# Task goal:
Once you find the line with "181 Sheppard Avenue E #810" in the data that follows, repeat it and every line after it exactly, through the line with "Vãn Cảnh, Lễ".

:: Available records

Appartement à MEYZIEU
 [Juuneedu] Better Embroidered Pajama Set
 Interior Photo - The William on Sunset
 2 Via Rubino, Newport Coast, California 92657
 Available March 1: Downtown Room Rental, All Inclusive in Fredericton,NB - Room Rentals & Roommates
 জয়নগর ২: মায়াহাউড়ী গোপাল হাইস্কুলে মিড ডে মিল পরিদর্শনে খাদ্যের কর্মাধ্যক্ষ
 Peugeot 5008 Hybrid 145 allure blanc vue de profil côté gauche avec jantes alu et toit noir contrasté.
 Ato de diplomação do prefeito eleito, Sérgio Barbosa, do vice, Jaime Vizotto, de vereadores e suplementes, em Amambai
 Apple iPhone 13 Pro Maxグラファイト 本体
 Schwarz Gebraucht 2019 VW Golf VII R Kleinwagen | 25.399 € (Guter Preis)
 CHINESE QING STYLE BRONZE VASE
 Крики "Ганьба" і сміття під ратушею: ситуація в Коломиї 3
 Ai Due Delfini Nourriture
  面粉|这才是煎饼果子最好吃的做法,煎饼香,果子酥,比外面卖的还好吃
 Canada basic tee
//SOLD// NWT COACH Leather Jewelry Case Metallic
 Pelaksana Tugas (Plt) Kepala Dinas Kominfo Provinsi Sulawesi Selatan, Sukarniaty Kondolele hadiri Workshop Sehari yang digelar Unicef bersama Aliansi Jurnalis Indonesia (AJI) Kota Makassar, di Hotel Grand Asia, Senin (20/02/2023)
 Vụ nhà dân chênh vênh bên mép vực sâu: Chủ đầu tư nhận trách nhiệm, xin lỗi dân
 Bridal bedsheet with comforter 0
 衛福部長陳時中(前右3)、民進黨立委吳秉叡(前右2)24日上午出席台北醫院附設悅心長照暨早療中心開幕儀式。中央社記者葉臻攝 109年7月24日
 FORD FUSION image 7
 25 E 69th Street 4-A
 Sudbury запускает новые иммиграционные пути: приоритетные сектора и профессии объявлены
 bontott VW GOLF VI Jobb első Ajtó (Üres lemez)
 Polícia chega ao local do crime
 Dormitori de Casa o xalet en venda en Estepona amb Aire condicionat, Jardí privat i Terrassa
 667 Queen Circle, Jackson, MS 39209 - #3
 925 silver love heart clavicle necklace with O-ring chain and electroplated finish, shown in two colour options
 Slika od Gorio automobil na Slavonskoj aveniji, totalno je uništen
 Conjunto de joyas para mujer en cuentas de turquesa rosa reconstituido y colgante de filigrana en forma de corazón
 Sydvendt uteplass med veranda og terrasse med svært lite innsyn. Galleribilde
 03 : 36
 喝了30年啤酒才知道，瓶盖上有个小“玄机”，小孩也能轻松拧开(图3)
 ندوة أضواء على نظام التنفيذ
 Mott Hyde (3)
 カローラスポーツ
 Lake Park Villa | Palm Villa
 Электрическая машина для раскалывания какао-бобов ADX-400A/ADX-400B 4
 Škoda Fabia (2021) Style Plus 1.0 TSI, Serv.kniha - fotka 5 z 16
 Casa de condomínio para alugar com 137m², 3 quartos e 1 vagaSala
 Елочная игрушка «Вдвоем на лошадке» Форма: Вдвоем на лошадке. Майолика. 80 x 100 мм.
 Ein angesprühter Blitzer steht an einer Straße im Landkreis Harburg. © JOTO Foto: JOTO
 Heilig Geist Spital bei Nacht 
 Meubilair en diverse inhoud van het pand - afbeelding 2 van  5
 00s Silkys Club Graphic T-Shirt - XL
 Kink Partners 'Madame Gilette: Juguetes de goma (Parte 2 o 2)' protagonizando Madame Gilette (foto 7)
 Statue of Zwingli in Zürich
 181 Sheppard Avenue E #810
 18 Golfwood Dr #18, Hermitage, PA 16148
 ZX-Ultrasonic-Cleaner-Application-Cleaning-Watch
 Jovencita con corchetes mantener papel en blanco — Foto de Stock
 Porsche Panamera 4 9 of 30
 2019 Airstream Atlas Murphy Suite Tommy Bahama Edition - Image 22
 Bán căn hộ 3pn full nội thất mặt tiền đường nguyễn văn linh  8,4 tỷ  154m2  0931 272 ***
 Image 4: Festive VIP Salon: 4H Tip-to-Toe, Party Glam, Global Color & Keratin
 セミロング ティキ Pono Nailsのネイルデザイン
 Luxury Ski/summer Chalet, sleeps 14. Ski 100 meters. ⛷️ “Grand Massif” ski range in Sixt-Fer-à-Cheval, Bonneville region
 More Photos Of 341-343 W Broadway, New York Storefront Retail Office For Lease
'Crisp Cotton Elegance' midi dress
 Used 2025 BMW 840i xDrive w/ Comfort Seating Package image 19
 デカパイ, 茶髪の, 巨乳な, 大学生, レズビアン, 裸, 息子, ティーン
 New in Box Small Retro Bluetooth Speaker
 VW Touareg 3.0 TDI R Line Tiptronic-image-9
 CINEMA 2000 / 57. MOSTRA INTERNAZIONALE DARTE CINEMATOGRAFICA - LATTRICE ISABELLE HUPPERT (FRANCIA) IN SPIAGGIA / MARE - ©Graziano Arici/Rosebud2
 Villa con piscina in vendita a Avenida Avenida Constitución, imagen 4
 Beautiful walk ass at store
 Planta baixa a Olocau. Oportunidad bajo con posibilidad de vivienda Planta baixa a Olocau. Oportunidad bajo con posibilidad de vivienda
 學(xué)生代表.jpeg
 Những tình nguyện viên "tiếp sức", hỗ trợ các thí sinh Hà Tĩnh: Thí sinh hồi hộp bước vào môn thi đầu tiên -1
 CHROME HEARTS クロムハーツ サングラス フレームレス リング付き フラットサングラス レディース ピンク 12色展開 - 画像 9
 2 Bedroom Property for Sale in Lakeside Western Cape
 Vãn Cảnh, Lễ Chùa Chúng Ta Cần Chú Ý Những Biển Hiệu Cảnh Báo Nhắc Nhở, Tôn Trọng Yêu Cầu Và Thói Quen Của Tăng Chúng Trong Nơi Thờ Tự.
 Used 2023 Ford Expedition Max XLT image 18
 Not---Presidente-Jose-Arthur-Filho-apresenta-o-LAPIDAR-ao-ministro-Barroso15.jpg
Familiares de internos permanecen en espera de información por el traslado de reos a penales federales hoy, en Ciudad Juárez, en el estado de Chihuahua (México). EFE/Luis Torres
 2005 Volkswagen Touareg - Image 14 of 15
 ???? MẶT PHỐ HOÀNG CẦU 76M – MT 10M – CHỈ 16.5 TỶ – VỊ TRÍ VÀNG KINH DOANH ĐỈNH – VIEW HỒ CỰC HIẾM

::::

# Your solution:
 181 Sheppard Avenue E #810
 18 Golfwood Dr #18, Hermitage, PA 16148
 ZX-Ultrasonic-Cleaner-Application-Cleaning-Watch
 Jovencita con corchetes mantener papel en blanco — Foto de Stock
 Porsche Panamera 4 9 of 30
 2019 Airstream Atlas Murphy Suite Tommy Bahama Edition - Image 22
 Bán căn hộ 3pn full nội thất mặt tiền đường nguyễn văn linh  8,4 tỷ  154m2  0931 272 ***
 Image 4: Festive VIP Salon: 4H Tip-to-Toe, Party Glam, Global Color & Keratin
 セミロング ティキ Pono Nailsのネイルデザイン
 Luxury Ski/summer Chalet, sleeps 14. Ski 100 meters. ⛷️ “Grand Massif” ski range in Sixt-Fer-à-Cheval, Bonneville region
 More Photos Of 341-343 W Broadway, New York Storefront Retail Office For Lease
'Crisp Cotton Elegance' midi dress
 Used 2025 BMW 840i xDrive w/ Comfort Seating Package image 19
 デカパイ, 茶髪の, 巨乳な, 大学生, レズビアン, 裸, 息子, ティーン
 New in Box Small Retro Bluetooth Speaker
 VW Touareg 3.0 TDI R Line Tiptronic-image-9
 CINEMA 2000 / 57. MOSTRA INTERNAZIONALE DARTE CINEMATOGRAFICA - LATTRICE ISABELLE HUPPERT (FRANCIA) IN SPIAGGIA / MARE - ©Graziano Arici/Rosebud2
 Villa con piscina in vendita a Avenida Avenida Constitución, imagen 4
 Beautiful walk ass at store
 Planta baixa a Olocau. Oportunidad bajo con posibilidad de vivienda Planta baixa a Olocau. Oportunidad bajo con posibilidad de vivienda
 學(xué)生代表.jpeg
 Những tình nguyện viên "tiếp sức", hỗ trợ các thí sinh Hà Tĩnh: Thí sinh hồi hộp bước vào môn thi đầu tiên -1
 CHROME HEARTS クロムハーツ サングラス フレームレス リング付き フラットサングラス レディース ピンク 12色展開 - 画像 9
 2 Bedroom Property for Sale in Lakeside Western Cape
 Vãn Cảnh, Lễ Chùa Chúng Ta Cần Chú Ý Những Biển Hiệu Cảnh Báo Nhắc Nhở, Tôn Trọng Yêu Cầu Và Thói Quen Của Tăng Chúng Trong Nơi Thờ Tự.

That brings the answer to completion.